RLI starts 2026 strong, stays disciplined as E&S softens
RLI Insurance Company opened 2026 with an 86% combined ratio and 3% premium growth, while net investment income rose 15%. Results were slightly impacted by catastrophe losses, but the underlying business remains stable.
Casualty continues to lead. Premiums grew 10%, with personal umbrella up 23% and rates increasing 16%. Growth is shifting away from more litigious states toward the Midwest, reflecting tighter underwriting and rate discipline.
Property is moving the other way. E&S premiums declined as rates fell 19% for hurricane and 16% for earthquake, with competition rising as admitted carriers reenter select classes. RLI is maintaining discipline even as some competitors relax terms like coinsurance.

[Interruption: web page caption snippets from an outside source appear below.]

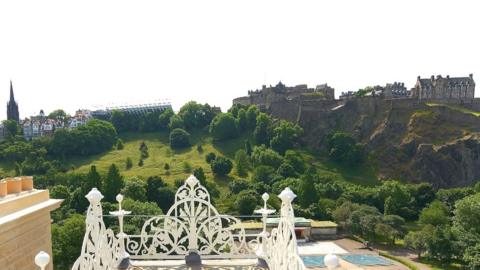 View of Edinburgh Castle from 100 Princess Street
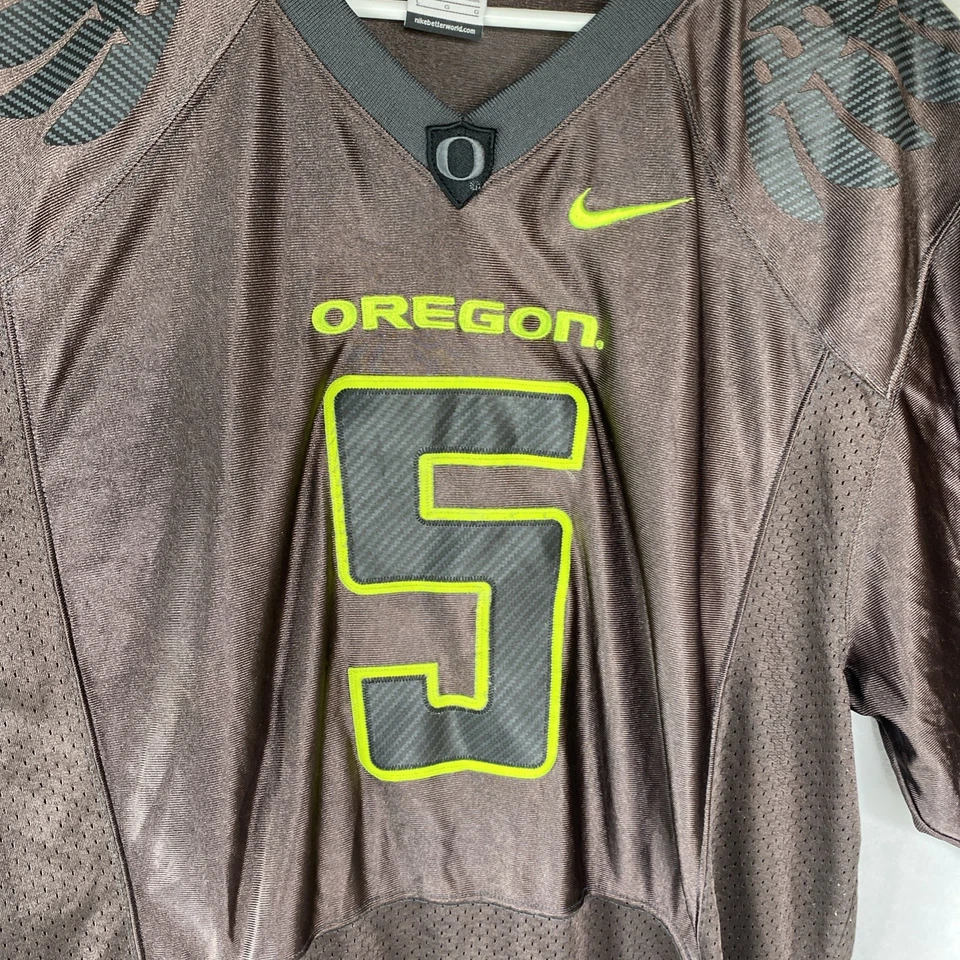 Oregon DUCKS Authentic Nike FOOTBALL JERSEY #5 Shirt MEN'S L - Image 2 of 4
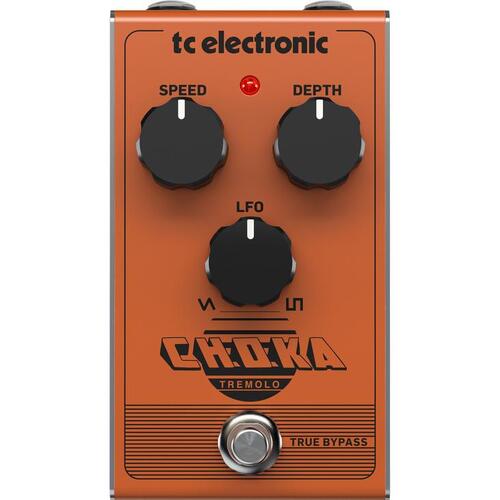 TC ELECTRONIC CHOKA TREMOLO Guitar Effects Pedal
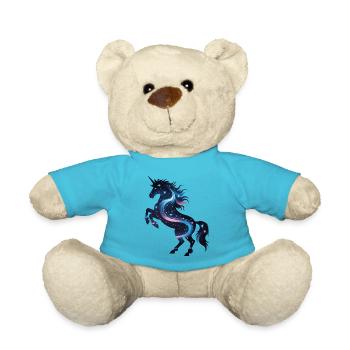 Einhorn-Galaxie - Teddy - Atollblau - Vorne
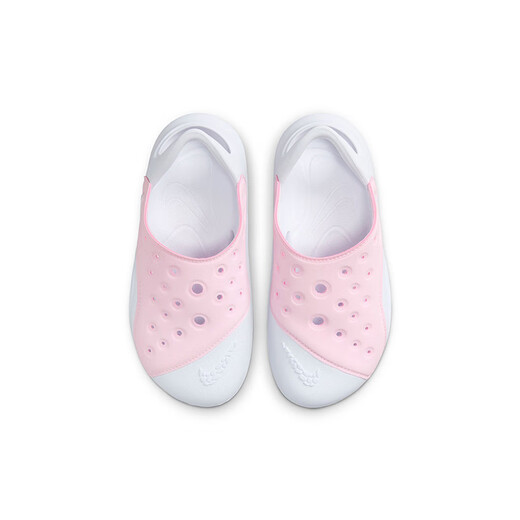 NIKE 耐克男女童夏季凉鞋AQUASWOOSH一脚蹬洞洞鞋儿童包头防撞凉鞋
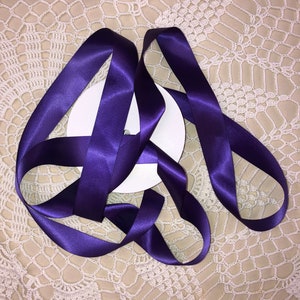 Purple, Grape Ribbon - 1.5&quot; Wide Double Faced, By the YARD, Craft Projects, Wedding Supplies, Floral Supplies, Wedding Bouquet Ribbon Wrap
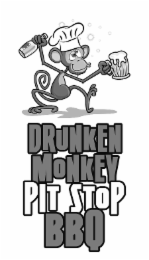 DRUNKEN MONKEY PIT STOP BBQ logo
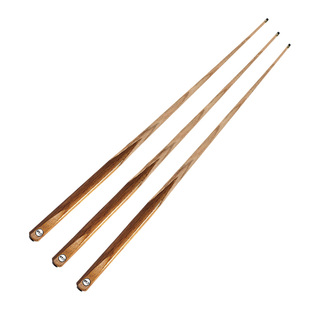 马拉斯台球杆红木斯诺克小头球杆黑八专用桌球杆一体通杆冲跳公杆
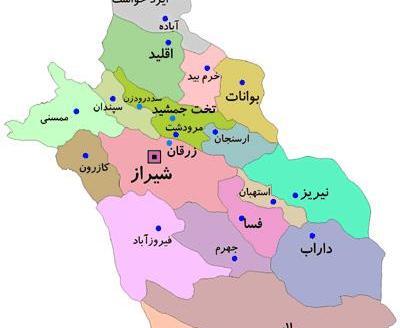 عکس هوایی استان فارس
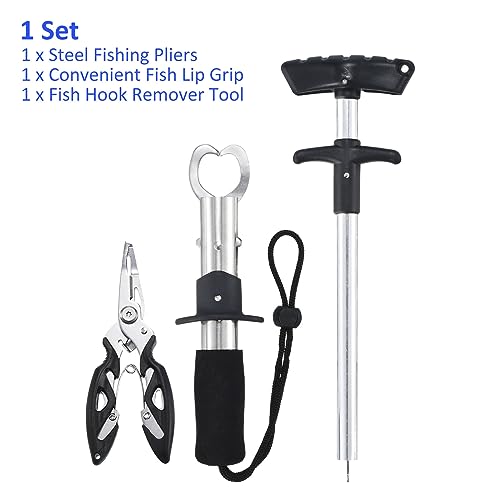 Kit de herramientas de pesca M METERXITY con alicates y extractor de anzuelos 4
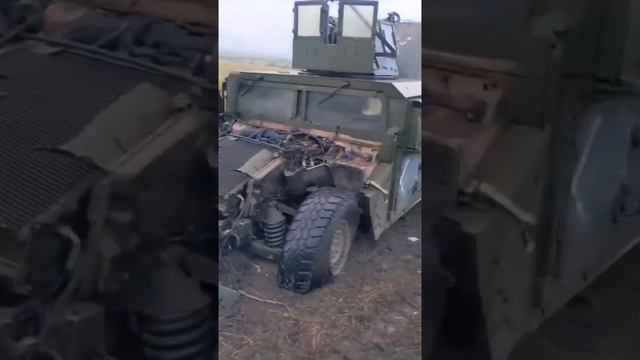 Очередной уничтоженный в зоне проведения СВО украинский бронеавтомобиль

Some “E&S light” business is shifting back to the admitted market, particularly location-driven risks. To defend renewals, RLI is offering higher limits, while brokers spread placements across multiple carriers ahead of the next hard market.
Management also flagged growing competition from MGAs and broker facilities, where incentives are not always aligned with long-term profitability. In response, RLI is leaning into producer relationships and selective underwriting.
“The insurance marketplace continues to be dynamic. We’re seeing more competition in some areas from broker-owned facilities and MGAs that operate with incentives that are not always aligned with long-term underwriting profitability. In the most competitive spaces, we are picking our spots, finding rate adequacy on accounts where it’s still available, focusing on producer relationships and adding value to customers that want our expertise and service.”
One area to watch is “wheels-based” products, where RLI sees rate acceleration and disruption creating opportunity.
“We are seeing rate acceleration and market disruption in wheels-based products. There is opportunity here when done with discipline and vigilance. Our underwriting and claims expertise positions us to select the right accounts, achieve the rate we need and drive better claim outcomes over time.”
On AI, the tone was practical. RLI is using it to improve data access and decision-making while keeping underwriting judgment central.
“We’re encouraged by what we’re seeing with AI, not as a headline, but as a tool. It’s helping us put better data in the hands of decision-makers, making us more responsive, more efficient, easier to do business with while keeping human intelligence and judgment at the core of everything we do.”